Shortly thereafter, I exchanged my 2D design of the lego brick of my choosing (from the last step) and exchanged it with a classmate. I, then, used their 2D design to replicate their lego brick. Below are images of their 2D drawing and the 3D model I created from their design. I carefully examined all of the dimensions in their drawing to help my visualize their brick and recreate it in Fusion 360. I started with a 2D sketch of the base and extruded it upwards. Then, I used the shell command to hollow the cube (using the thickness dimensions provided in their 2D drawing). Next, I created the four circles on the top of the cube using the rectangular pattern feature before, finally, extruding the this sketch upwards by the height of the circles in the 2D design.

After completing the hinged box tutorial, I 3D printed the box. I had to export the file as an OBJ from Fusion 360, import the OBJ into PrusaSlicer, split the object into different bodies, scale it down to where the print would only take one hour, and export a sliced, GCODE file. Then I chose an available 3D printer, cleaned it off, uploaded the GCODE file from a different computer, and set it to print. Unfortunately, the pin for the hinge was too small to print, so the 3D printed hinge did not function well in real life.

The last step of this project was to choose a lego minifigure, record its dimensions using calipers, and recreate it in Fusion 360. First, I created several sketches to create the legs and the holes in the back of each leg. Then, I created a vertical sketch on the side of the leg and extruded it to create the join connecting the legs to the torso. To replicate it on both side of the figure, I mirrored it across one of the origin planes. Then, I created the shape for the torso and extruded it to form a 3D body. Afterwards, I created a two sketches on the slanted side of the torso: a fit-point spline an a circle perpendicular to the highest end point of the spline. Then, I used the sweep tool to extrude the circle along the spline. Next, I used the move tool to rotate the arm slightly and move it away from the torso. Then, I created a "sphere" form and placed it on the top of the arm. I combined this newly-created body with the arm to complete this part of the design. Then, I created a 2D, vertical sketch of half of the head and used the revolve tool to rotate the sketch around the vertical axis and create the head. Next, I created a different component for each of the parts of the design (legs, torso, left arm, right arm, head) and created joints to simulate movment. For example, I created a revolve joint between the arm and the body so that the arm rotates in Fusion 360 just like the minifigure in real life. Later, I added different "appearances" to the different components of the design to make it appear like the real-life minifigure. Shortly afterwards, I used the "Render" menu to render the minifigure in a realistic fasion. Finally, I exported the completed design as an OBJ file, imported into PrusaSlicer, and created a GCODE file. Slicing the design revealed that, if I were to print the minifigure, it would take 59 minutes. Also, I created a 2D drawing of my lego figure using Fusion 360 that displays all dimensions. Other engineers can use this drawing to replicate my design. A picture of the 2D drawing is displayed below, as well.

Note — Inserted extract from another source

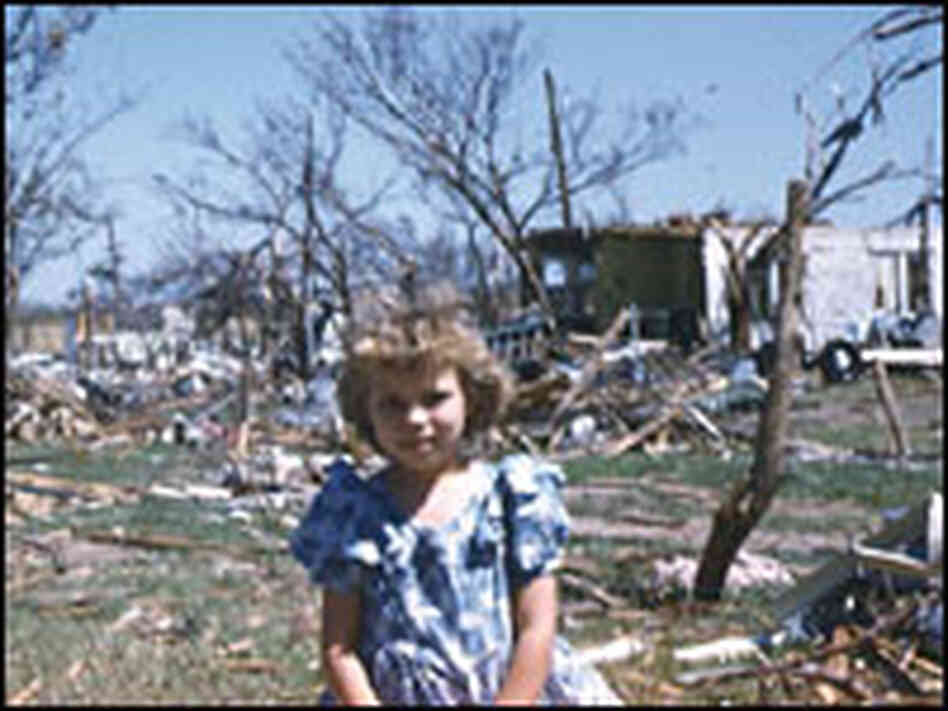 A young girl stands in front of buildings laid waste by the tornado that ripped through Udall, Kan. A young girl stands in front of buildings laid waste by the tornado that ripped through Udall, Kan.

The largest challenge I encountered through the duration of this unit was using 2D drawings to determine the dimensions of certain aspects of 3D models. At first, this process was extremely time consuming and difficult, but as I practiced more, it became easier and I was able to, more efficiently, replicate others' 3D models. Visualizing the designs in my mind while examining the 2D drawings allowed me to expedite my design process and create CAD models from drawings faster.